┏━━
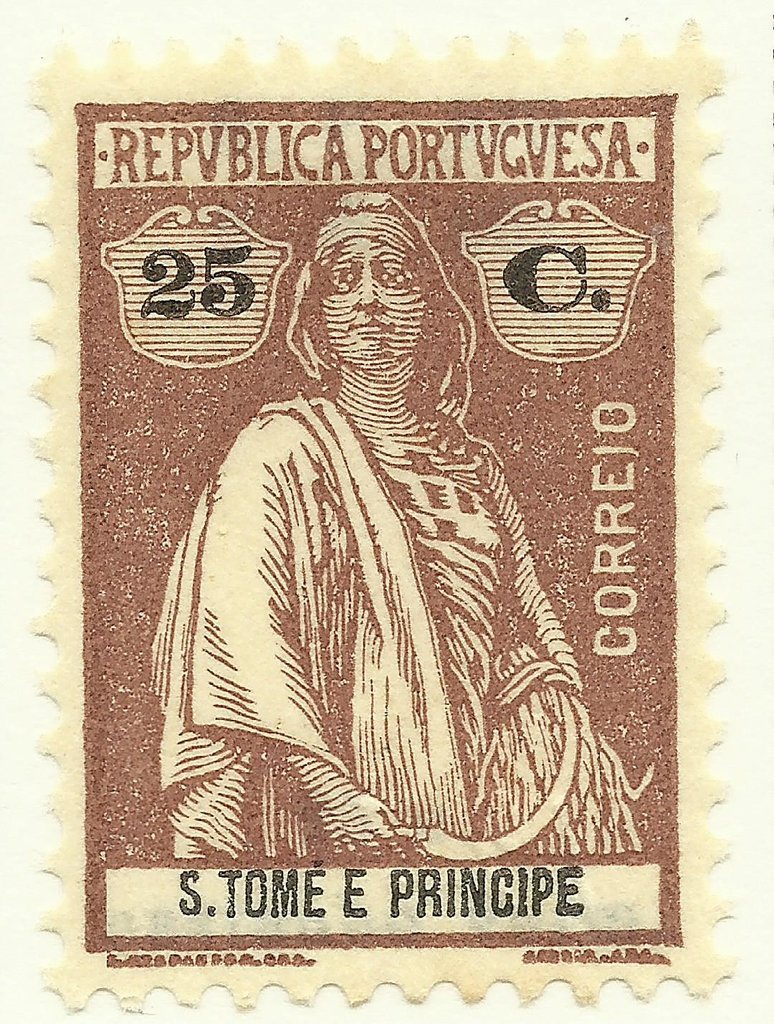 Ceres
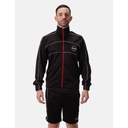 BARCODE BERLIN JACKET PERO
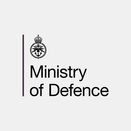 Ministry of Defence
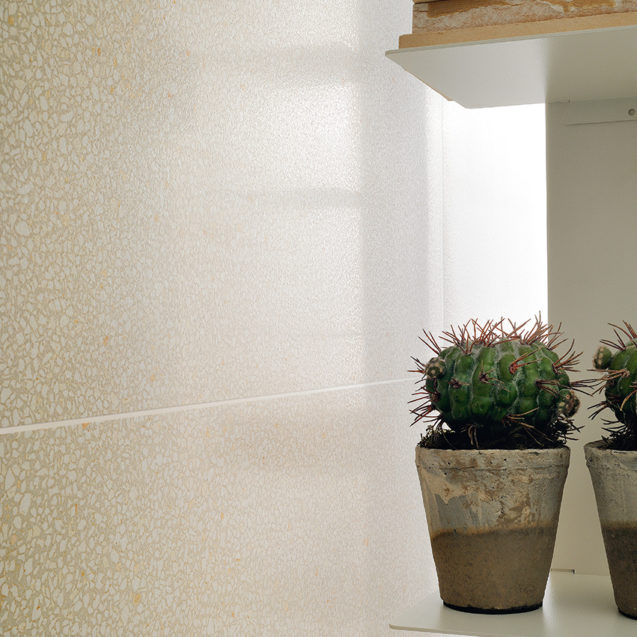 Terrazzo image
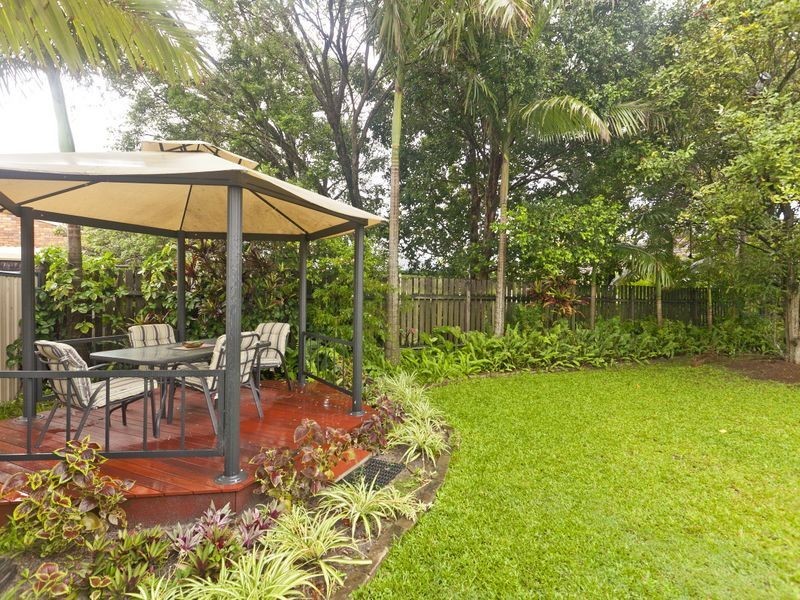 16 Sutphin Street, Capalaba QLD 4157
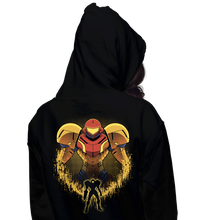 Load image into Gallery viewer, Galactic Hunter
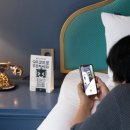 에이치에비뉴 호텔 건대점 이미지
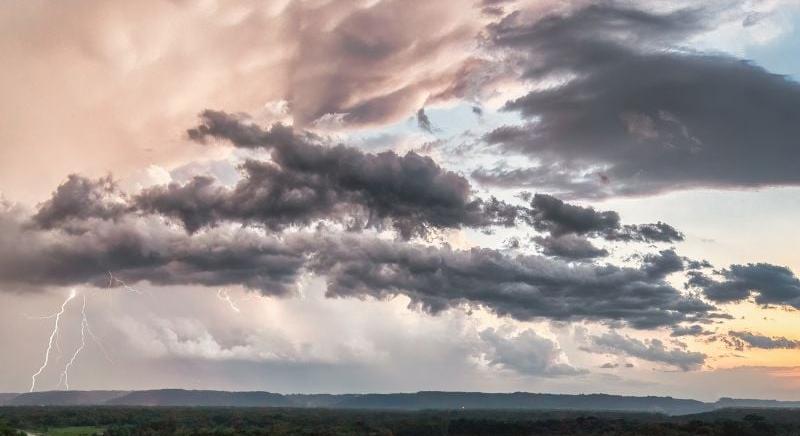 Kedden igazi tavaszi időjárásunk lesz – a frontérzékenyek azonban nem örülhetnek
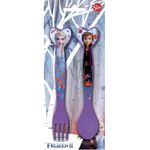 Set-x-2-cubiertos-Frozen-0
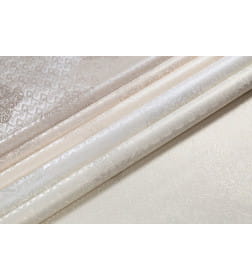 Обои Palitra Massandra PL72410-12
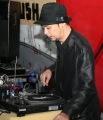 IMG_7562 - DJ Krush  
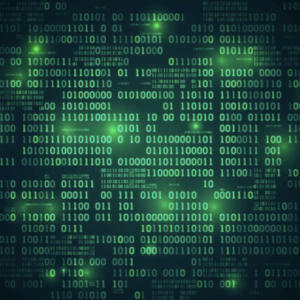 ארגון המחשב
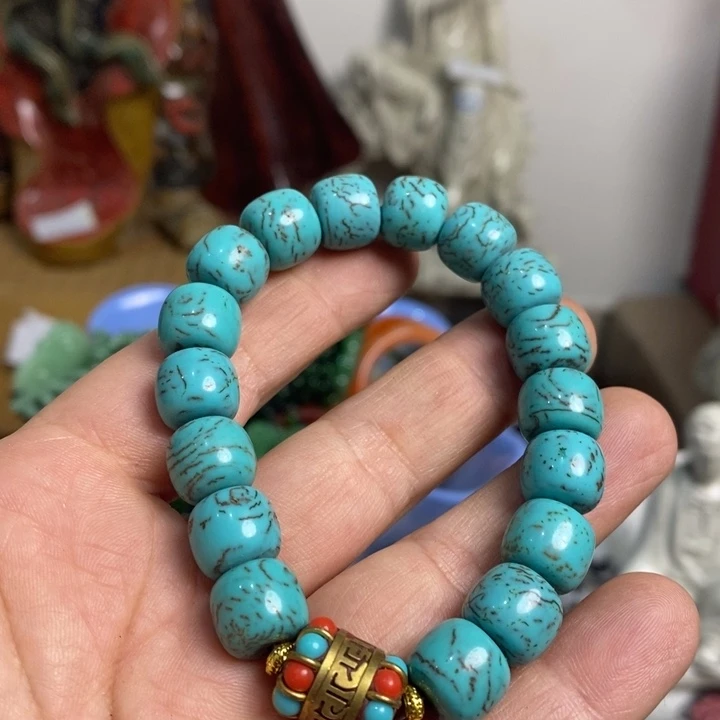 欢迎大家光临小店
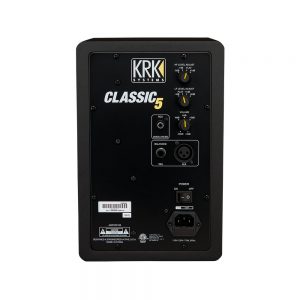 KRK-Classic-5-1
┗━━
WHAT YOU HAVE TO DO: Your reply should give again exactly the lines from the one with "IMG_7562 - DJ Krush" through the last line of the data, with both ends included and pictures left out.

ANSWER TO THE EXERCISE:
 IMG_7562 - DJ Krush  
 ארגון המחשב
 欢迎大家光临小店
 KRK-Classic-5-1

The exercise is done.